Data block:
--

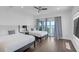 This comfortable bedroom offers two beds, hardwood floors, and sliding glass doors to a balcony at 5212 62Nd S Ave, St Petersburg, FL 33715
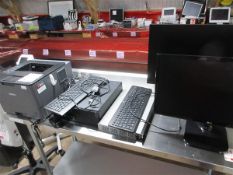 Two desktop monitors, one PC, two keyboards, and one Brother HL-L5000D printer Please note; This LOT
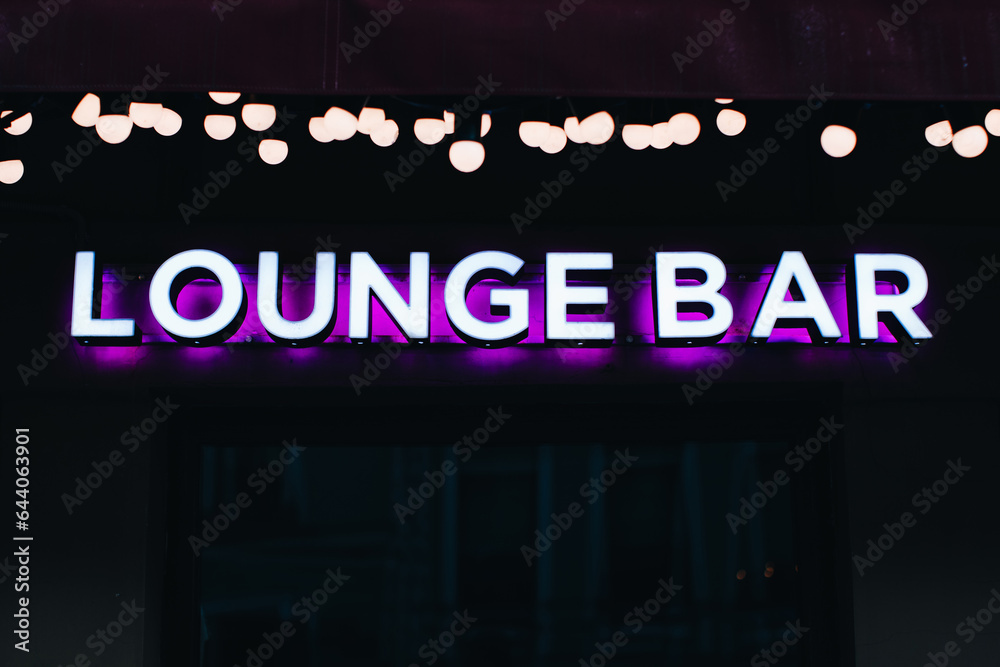 Neon sign on a black background, the inscription Lounge bar with purple light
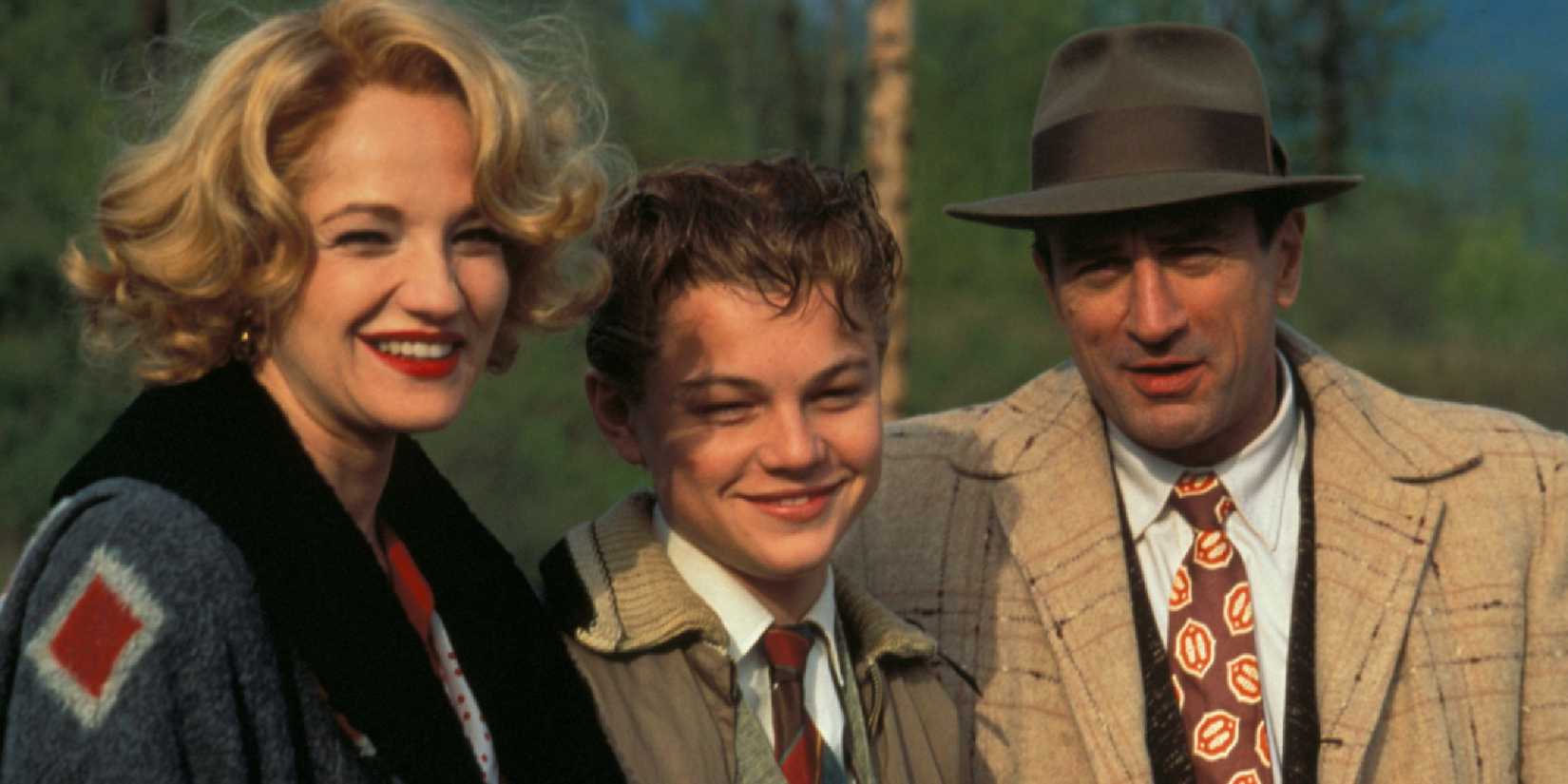 The cast of This Boy's Life with Leonardo DiCaprio and Robert De Niro smiling at the camera.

--

What you should do: The expected output is every line of the data, unchanged, with the pictures skipped.

Response box:
 This comfortable bedroom offers two beds, hardwood floors, and sliding glass doors to a balcony at 5212 62Nd S Ave, St Petersburg, FL 33715
 Two desktop monitors, one PC, two keyboards, and one Brother HL-L5000D printer Please note; This LOT
 Neon sign on a black background, the inscription Lounge bar with purple light
 The cast of This Boy's Life with Leonardo DiCaprio and Robert De Niro smiling at the camera.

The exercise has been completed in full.